Math Gains Noted for Students in Voucher Program
A Princeton University researcher has waded into the debate over the effectiveness of school vouchers in Milwaukee, concluding that math scores have risen substantially for the students in the program.
In several different analyses of test scores, Cecilia E. Rouse concluded that students who enrolled in private schools under the program scored better in math than students in the city's public schools.
Two previous studies of the first-of-its kind program, which provides public money for low-income students to attend private schools, differed sharply with each other in their conclusions.("New Studies on Private Choice Contradict Each Other," Sept. 4, 1996.)
Ms. Rouse, an assistant professor of economics and public affairs, said that in her analyses she tried to correct the flaws in both of those studies and to avoid any ideological bias.
"I don't really have a political ax to grind when it comes to school choice," she said in an interview last week. "I want to see what works for kids."
But Ms. Rouse cautioned that the Milwaukee program, which serves about 1,600 students, is too small to allow any broad conclusions. And she said many of the data were missing or incomplete.
"While my analysis suggests that the results are robust," she wrote, "my strategies cannot substitute for better data."
One previous study, led by researchers Paul E. Peterson of Harvard University and Jay P. Greene of the University of Houston, concluded that the program raised math and reading scores significantly for children who were enrolled in private schools at least three years.
Another set of studies by John F. Witte, a professor of education at the University of Wisconsin-Madison, found no significant gains in test scores.
No Reading Gains
In one set of analyses, Ms. Rouse compared test scores of students who used the vouchers to enroll in private schools with those of nonselected applicants who remained in the public schools.

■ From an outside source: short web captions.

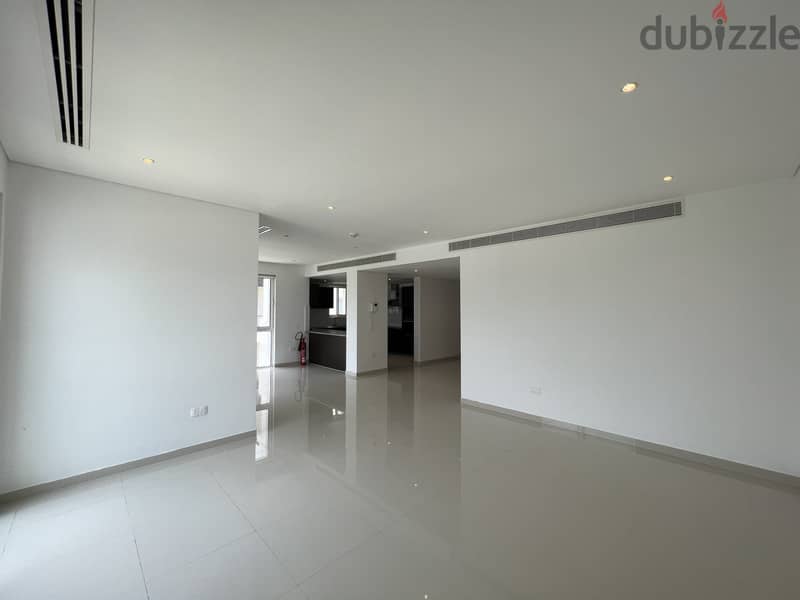 2 Bedroom Apartment for Rent in Al Mouj 3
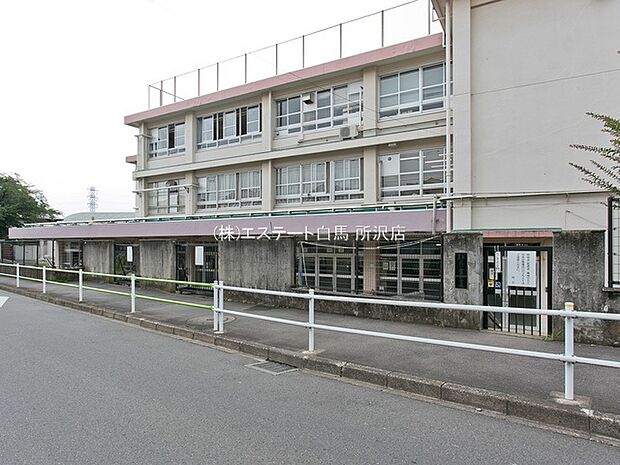 花小金井小学校（880m）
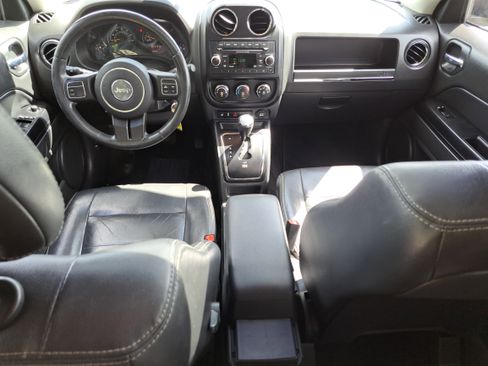 Used 2015 Jeep Patriot High Altitude image 8
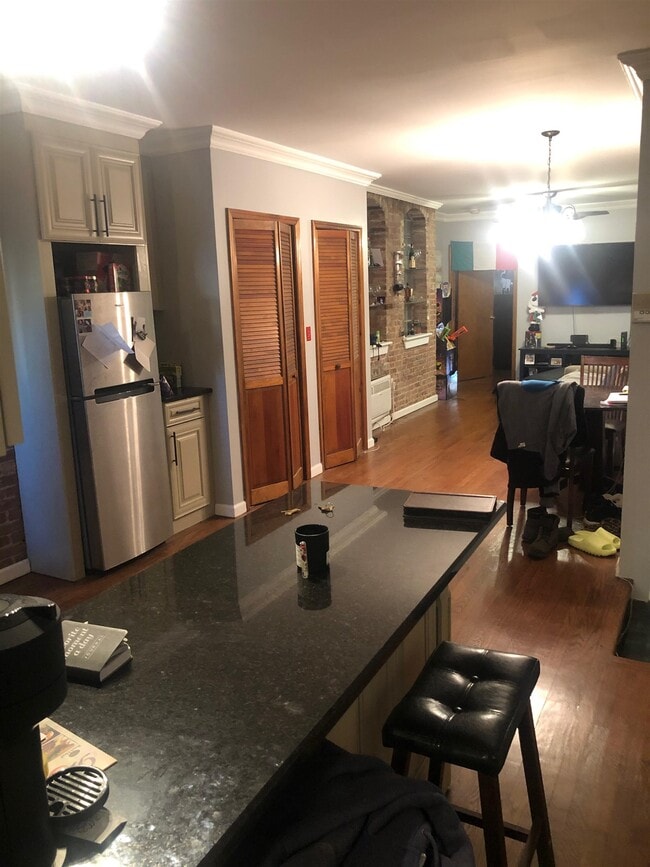 Foto del edificio - 809 Washington St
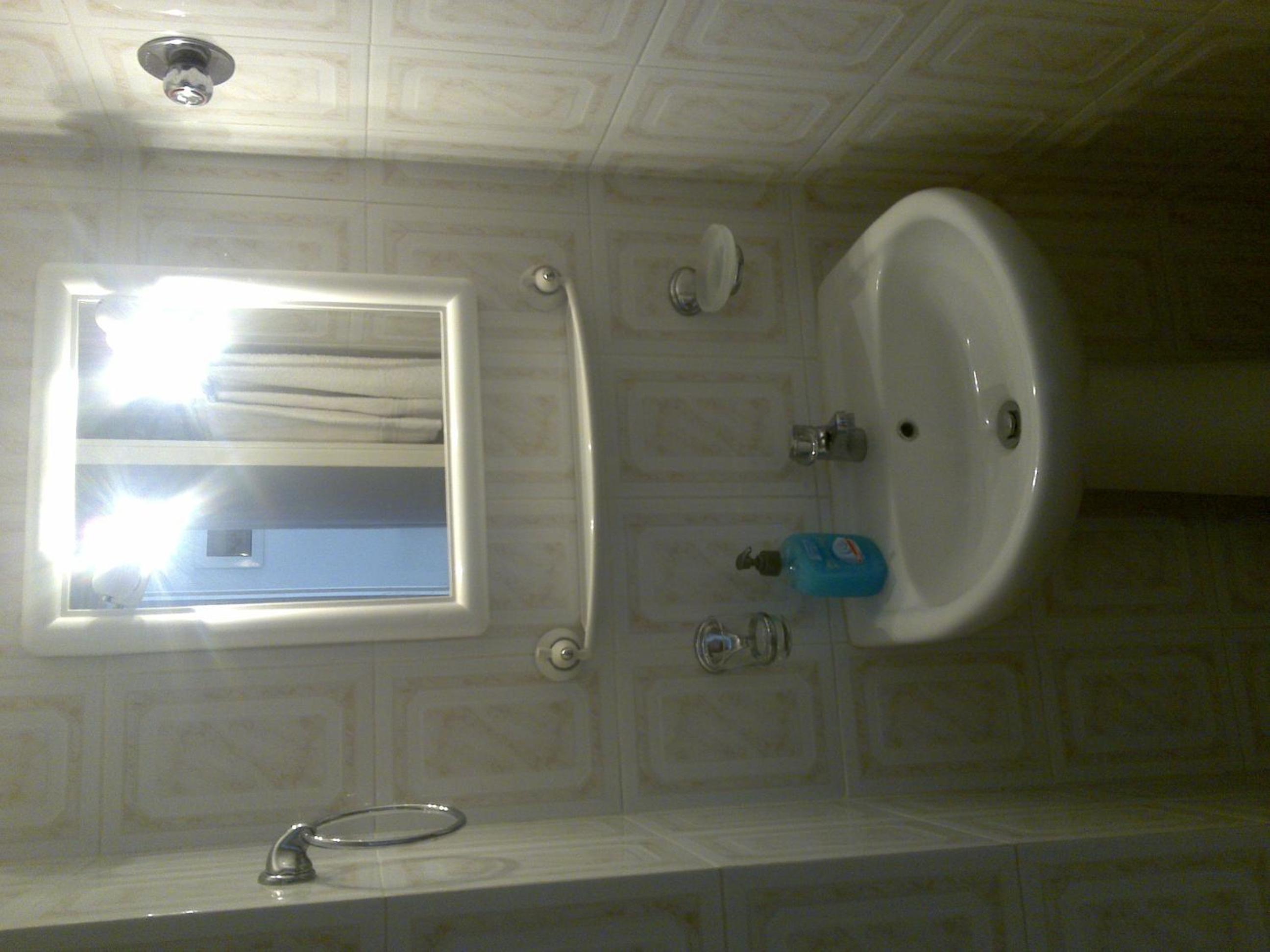 Studio with Balcony - Photo 25
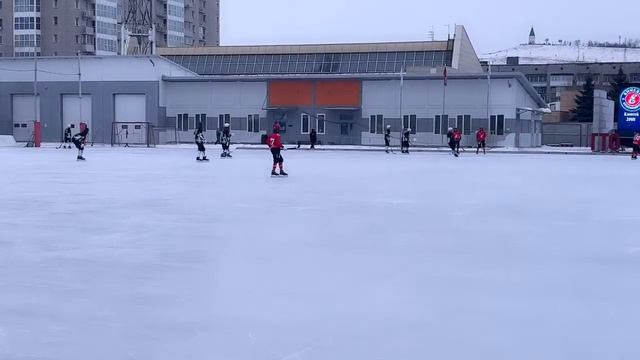 Первенство России ср мл юношей 08/09 Красноярск Енисей-Сибскана 1й тайм смотреть онлайн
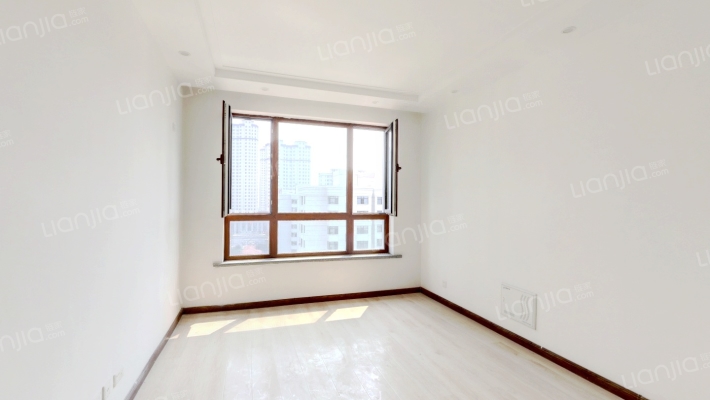 颐品雅居二手房实景图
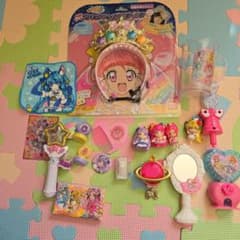 Thumbnail of スタートゥインクルプリキュア　トゥインクルティアラ　他 フィギュアセット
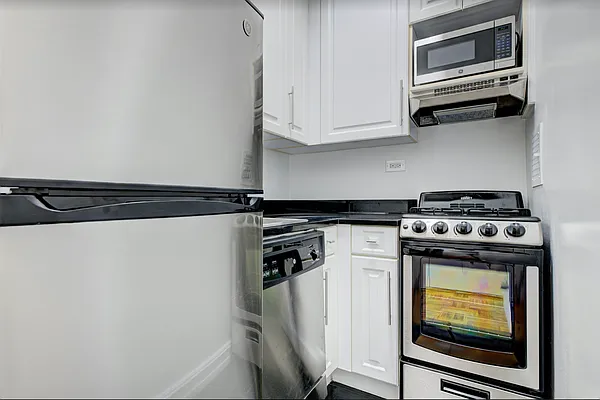 Rented by REAL New York | media 12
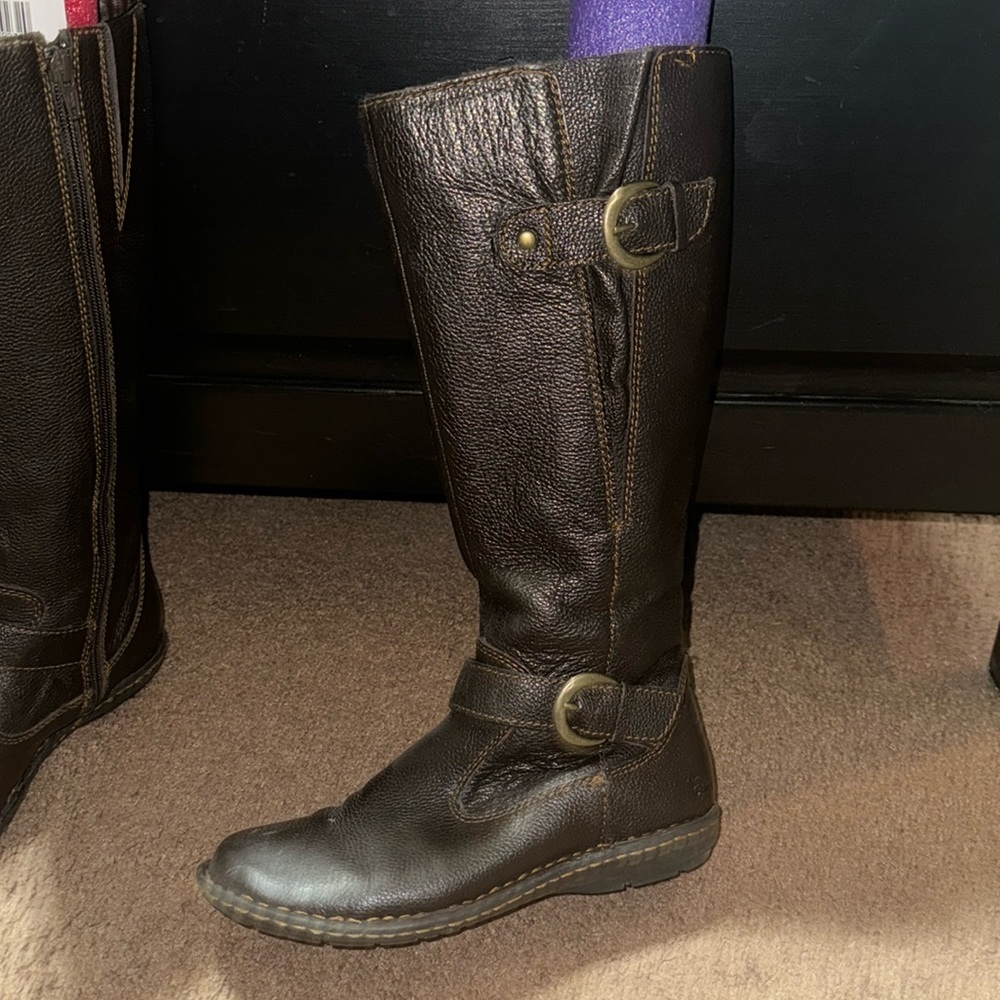 B.o.c. Born brown boot.  Worn 1 time!!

That approach was similar to the analyses conducted by Mr. Peterson and Mr. Greene. The key difference is that the previous study did not include students who were selected for the program but never enrolled or who subsequently left the private schools and returned to the public schools. Some critics argued that those omissions biased the earlier study, since students who were not being well-served by the private schools were more likely to leave.
Ms. Rouse then compared the voucher students with a group of students in the city's public schools, as Mr. Witte had done. Critics of his studies suggested that the students in the public schools were better off economically than the students who participated in the voucher program, and that the difference may have influenced his findings.
Although Mr. Witte tried to control for differences in family income, critics contended that he did not do so adequately.
Ms. Rouse sought to eliminate such background factors by comparing each student against his or her own test scores over time.
Under both analyses, she concluded that the math scores of students in the private schools likely increased by 1.5 to 2 percentage points each year over what they would have been had those students remained in public schools. But the results for reading were mixed and not statistically significant.
Bruce Fuller, an associate professor of public policy and education at the University of California, Berkeley, said the new study "is definitely a corrective on the grand claims that Paul Peterson and Jay Greene were making last fall."
But he said the findings say more about the quality of the three private schools attended by most choice students than about the program overall.